# Bands 101



## RonanMcLlyr (Jan 12, 2022)

I'm shooting bands and have to buy my first set of bands and pouches. I'm shooting an Axiom Ocularis with 3/8" steel. My archery draw length to the corner of my lip is 27" and i draw my slingshot to my earlobe. 

I tried to find something in our forums that covered the basics like terms taper widths, thickness, band length (based on what?) and pouch size. Is there a post that I missed that talks everything bands? Taper? Lengths? Pouch size? Shooting multiples?

How do I choose what's right?

Thanks.


----------



## Highway41 (Dec 19, 2021)

Simple Shot has precut and tied bands that are a good starting point. As long as you're not trying to shoot butterfly. 

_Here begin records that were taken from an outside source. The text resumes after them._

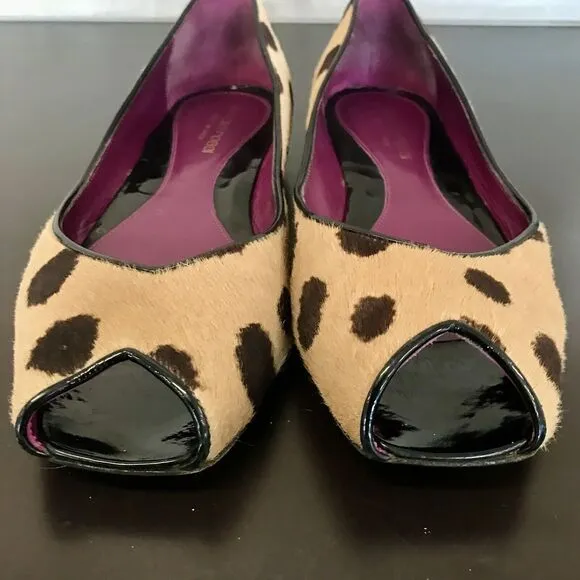 Sergio Rossi Pony Hair Tan Black  Animal Print Ballet Flats Women EU 37 US 6.5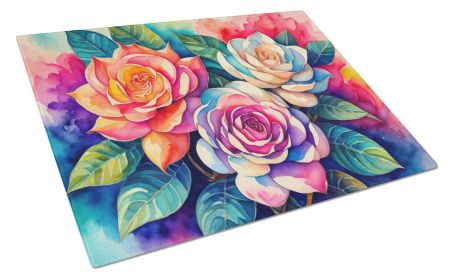 NEW Gardenias in Color Glass Cutting Board Decorative Tempered Glass Kitchen Cutting and Serving Board Large Size Chopping Board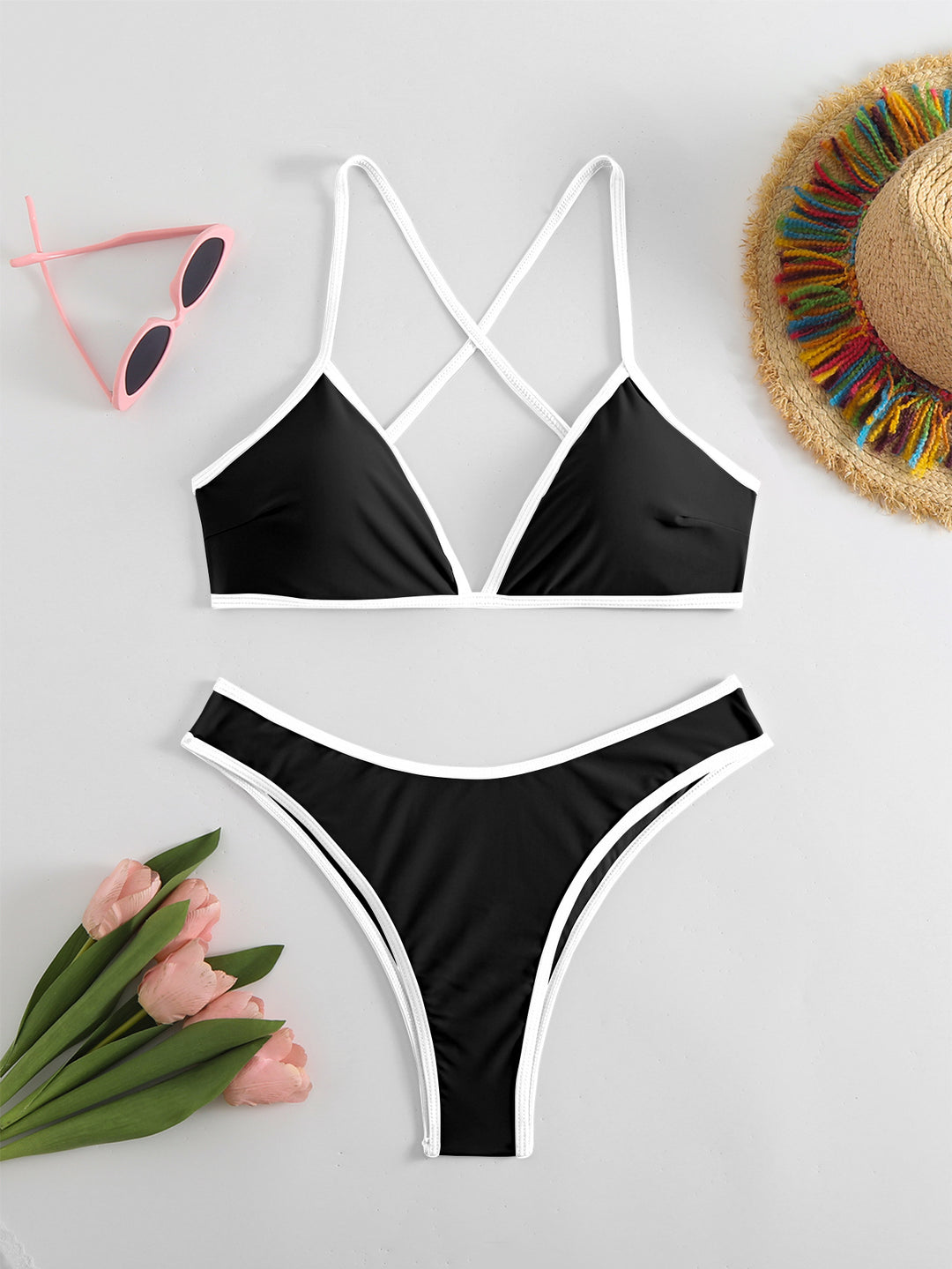 Damen Bikini-Set mit modischen X-Trägern und hoch geschnittenem Bottom Echo Archiv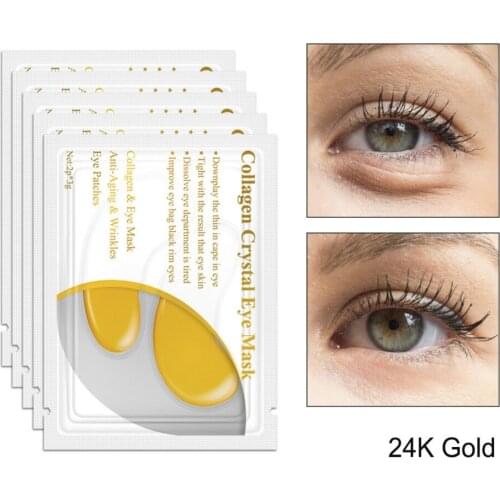 5 Pairs LANBENA 24K Gold Collagen Eye Mask Eye Patches Dark Circle Puffiness Eye Bag Anti-Aging Wrinkle Firming Skin Care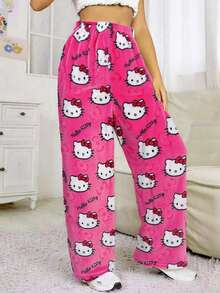 Sanrio Women's Plus Size Thermal-Lined Hello Kitty Print Fluffy Pants, Soft, Warm, Cozy, Kawaii, Suitable For All Ages, Autumn/Winter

Standard Flat Bands (7/16") | SimpleShot Slingshot Bands


Standard Flat Bands from SimpleShot Rubber Slingshot Bands - Made with SimpleShot Premium Latex. Not just a compromise, but an entirely new formulation of latex made specifically for SimpleShot, specifically for slingshot performance! Standard Band Size = 7/16" - 18mm x 22mm - 0.7mm thick...




simple-shot.com


----------



## High Desert Flipper (Aug 29, 2020)

There is a wealth of info on this forum. If anything, there may be too many posts making it hard to find what you are looking for. If you search for tapers or elastic types etc. you will come up with many good threads.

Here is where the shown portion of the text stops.